Even now, in its current role as the Vernon County Sheriff's Office, the old place has ghosts of its former dignity. Sections of the first floor front, for instance, sport faintly colorful little marble slabs, while the metal banister between floors is pleasantly ornate without being gaudy. Even the trim around the doors is as elegant as Monticello (well, almost!), if Jefferson had let the place go completely to seed, a couple of centuries ago.

Lord knows, the current staff, helpful, courteous, uncomplaining, and few, make the most of a very grim and steeply worsening condition.

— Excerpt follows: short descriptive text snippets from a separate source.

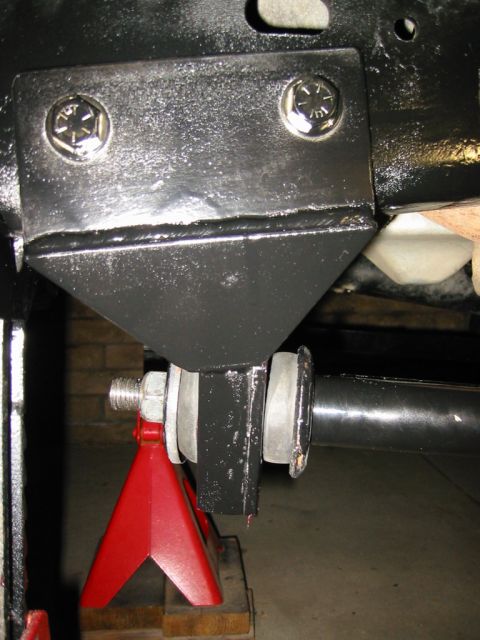 1985 Ford Bronco - Close-up of a vehicle's suspension system, supported by a red jack stand.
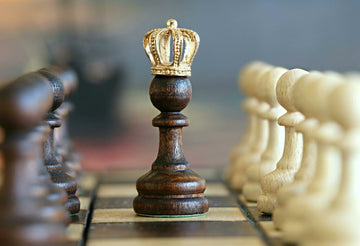 chess pawn with crown with other pawns on both sides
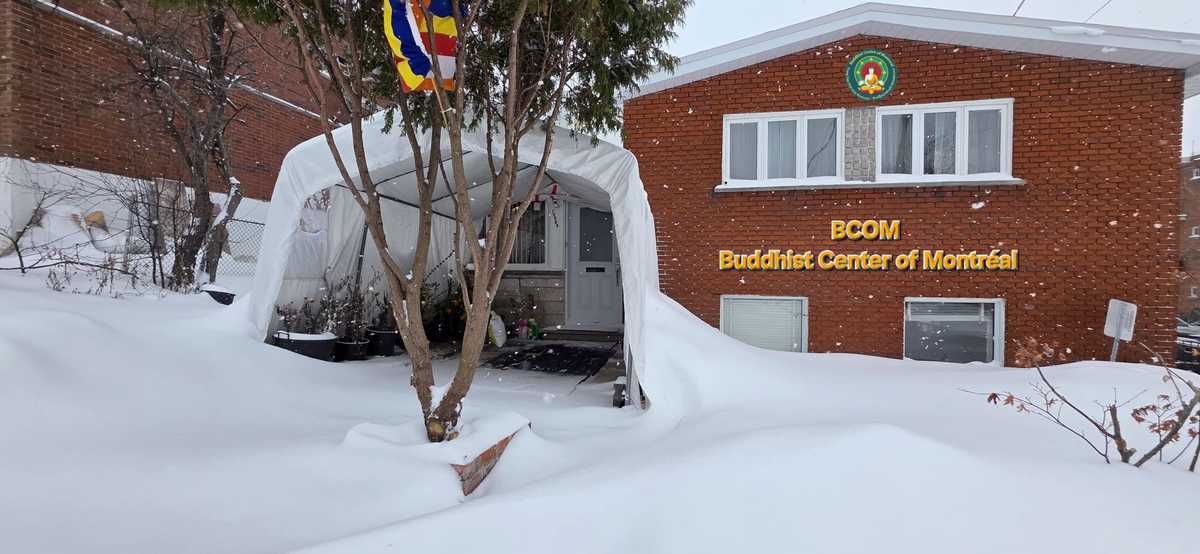 Front view of the Buddhist Centre of Montreal in winter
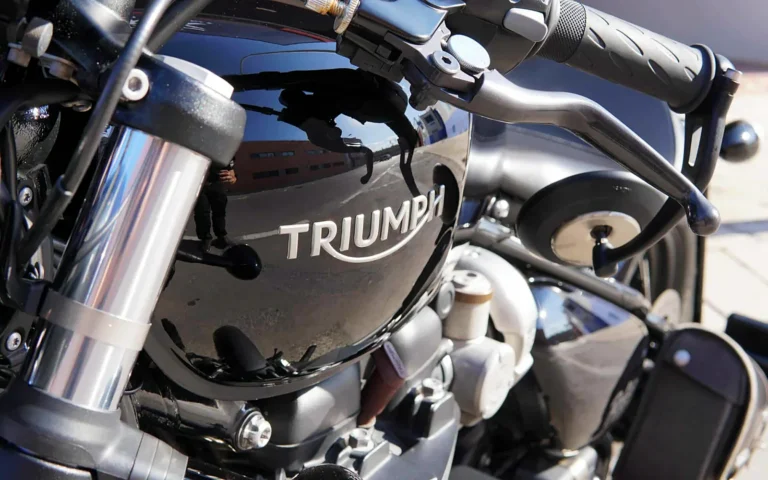 Depósito negro de la moto Triumph con el logotipo y reflejos limpios tras el pulido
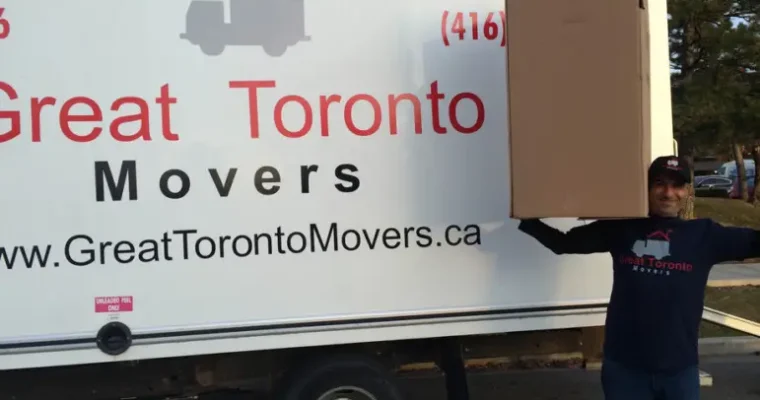 Labour-only moving solutions by Great Toronto Movers. A mover holding a wardrobe box during a relocation.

Currently, the Sheriff's Office gives deputies a uniform and a badge (Gee whiz!), but deputies need to provide their own guns and safety equipment! Yep, we need to raise the deputies‚ salaries above the food stamp eligibility level, lest we deprive them of their self-respect, which no employer has the right to do. Consequently, one of the adjectives to adequately describe the number of Vernon County's underpaid deputies is "few," as in, "There is only one person left in the whole building, on Tuesday night, the dispatcher -- plus all the prisoners, of course."

Today, do what the staff may, the visitor's first, and lingering, impression of the Sheriff's Office, is one of severe and dangerous constriction, for women prisoners a bit more than men. People and cardboard cartons, the latter piled high, are, as the Brits put it, uncomfortably "cheek by jowl." With as many as 45 to 48 prisoners daily -- and that's not a rarity -- our jail's current "capacity" for prisoners is only 26. So, with cartons of food and other supplies neatly jamming the passageways and every available space -- making for very iffy safety -- and nearly every other useable space from floor to ceiling, it doesn't take much to imagine numerous inadvertent infringements of state and federal laws governing minimum acceptable living space and conditions for prisoners. The building is a severe accident just waiting to happen.

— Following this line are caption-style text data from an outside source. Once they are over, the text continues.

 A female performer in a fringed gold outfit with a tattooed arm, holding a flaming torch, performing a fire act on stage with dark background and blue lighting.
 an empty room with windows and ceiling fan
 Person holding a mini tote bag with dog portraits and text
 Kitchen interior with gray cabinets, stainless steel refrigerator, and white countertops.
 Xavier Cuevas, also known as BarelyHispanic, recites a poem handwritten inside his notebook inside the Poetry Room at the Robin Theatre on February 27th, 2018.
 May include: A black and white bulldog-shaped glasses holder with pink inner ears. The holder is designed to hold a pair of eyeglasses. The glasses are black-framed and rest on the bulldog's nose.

The building's severely cramped and dangerously deteriorating conditions inside -- 1) peeling paint (lead-based, perhaps?), for example; 2) a mere "suspect" incarcerated in the same cell with a violent criminal; or even 3) water leaking from the defective roof that may compromise a prisoner's crucial and fragile evidence below -- all these, in addition to 4) the ever-present problem of mold -- jeopardize the safety of staff, prisoners, visitors, and equipment alike.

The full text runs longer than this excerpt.